I was determined to go for a walk as half the year has already gone and I have only made six major excursions into the countryside. This walk also marks the passing of a total of 1,500 miles on the walks posted here.
Here is a map of the 7.5 mile walk:
I knew I was in rural Wiltshire from the fact the paths were all overgrown and hard to find, still I persevered. My first shot is just a pretty coloured snail.
My first target was a nearby area marked on the map as 'Open Access'. Some of these turn out to be a little disappointing - often steep slopes unsuitable for anything except sheep grazing, with little to be seen. In this case Tidcombe Down and the lower slopes started to look promising. I saw at last a Large Skipper butterfly, the first this year.

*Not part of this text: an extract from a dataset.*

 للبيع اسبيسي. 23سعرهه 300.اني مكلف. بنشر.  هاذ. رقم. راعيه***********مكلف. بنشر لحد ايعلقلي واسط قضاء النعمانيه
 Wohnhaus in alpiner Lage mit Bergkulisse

I soon started finding Common Spotted Orchids here and there but the numbers kept on rising with groups of dozens of them. Although scattered around the large area of the Down there must be thousands of orchids in flower - a very impressive display. This is one of the more dramatically coloured orchids - they were very variable.

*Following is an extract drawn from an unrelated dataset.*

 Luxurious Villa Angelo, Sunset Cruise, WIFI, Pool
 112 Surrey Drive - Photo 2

Dotted among all the thousands of Common Spotted orchids were a few smaller and distinctly different orchids. They were Fragrant orchids - even though I could not detect any smell, they have the long tails to the flowers and have no strong spots.
I was pleased to also see some Common Blue butterflies flying around, the male blue butterfly is particularly striking against the yellow flower of bird's foot trefoil. The Down had all the plants you would expect on undisturbed chalk download: Milkwort, Fairy Flax, Scabious, Cowslips, Ladies bedstraw.

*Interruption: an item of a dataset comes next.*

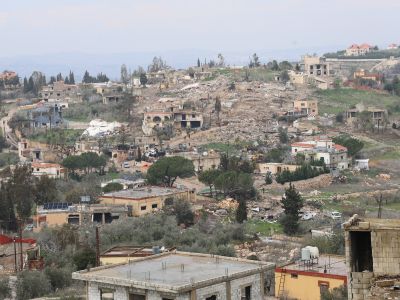 منازل ومبانٍ في إحدى قرى جنوب لبنان وسط تصاعد التوترات العسكرية وعمليات الإخلاء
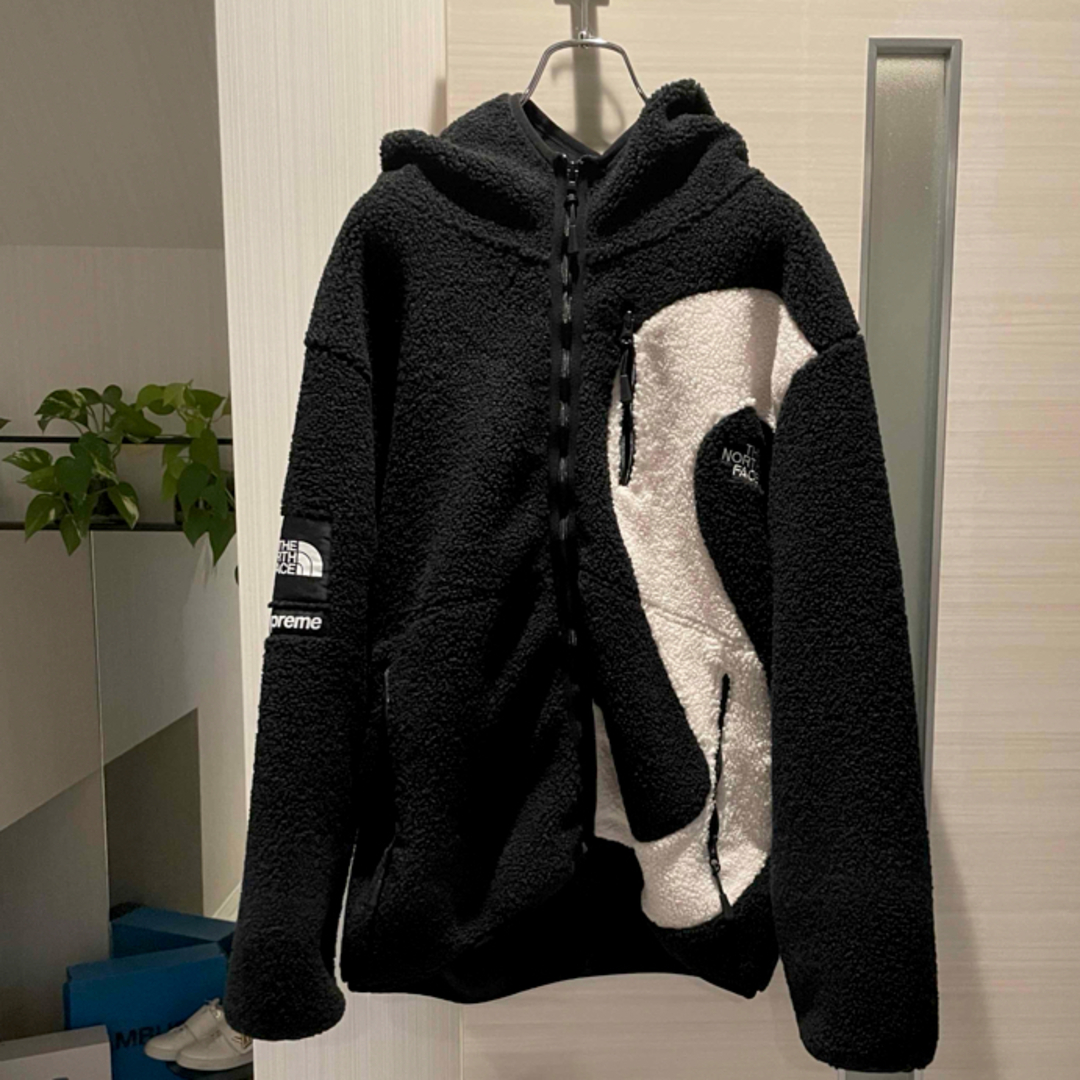 S Logo Hooded Fleece sup × north Sロゴフリース メンズのジャケット/アウター(ブルゾン)の商品写真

This is a general view to give a flavour of the area - very much a patchwork of trees and fields among the downs.
My path west led me towards Fosbury hillfort - a very impressive ancient monument. On the way I had to pass this bunch of energetic and inquisitive bullocks.
Another object of the walk was to explore an 'Open Access' area fringing the hill-fort on the steep ground. Unfortunately the one shower of the day came over at this time so I decided to leave it until another time. However the area does look promising with thyme on ant hills and lots of rock rose. By the path was a single Crosswort plant.
Close by a striking five spot Burnet moth was feeding on Bird's foot Trefoil. There are six spot, five spot as well as Narrow-bordered five spots - this one seems to have 4.1 spots! The antennae have an unusual dark blue hue.
Walking down the attractive path took me to the farm at Hippenscombe Bottom. I then followed along the track that follows a sinuous path along the valley bottom. You can appreciate why the Romans decided to divert their normally straight roads to avoid having to cross this deep valley (I have a map demonstrating this on this page).
On these walks I like to explore some new areas - rarely repeating a previous itinerary so I can harbour the hope of unexpected delights. I was not disappointed on this walk. When the track along the bottom started reaching higher and less productive ground the farmer had left a whole large field to wild-flowers. I can see from Google Earth that it has been fairly recently cultivated but now was a really impressive meadow. The dominant plant was buttercups but the area had hundreds of large nodding thistles (Carduus nutans). Nearly every plant had bees on the flowers. Often more than one!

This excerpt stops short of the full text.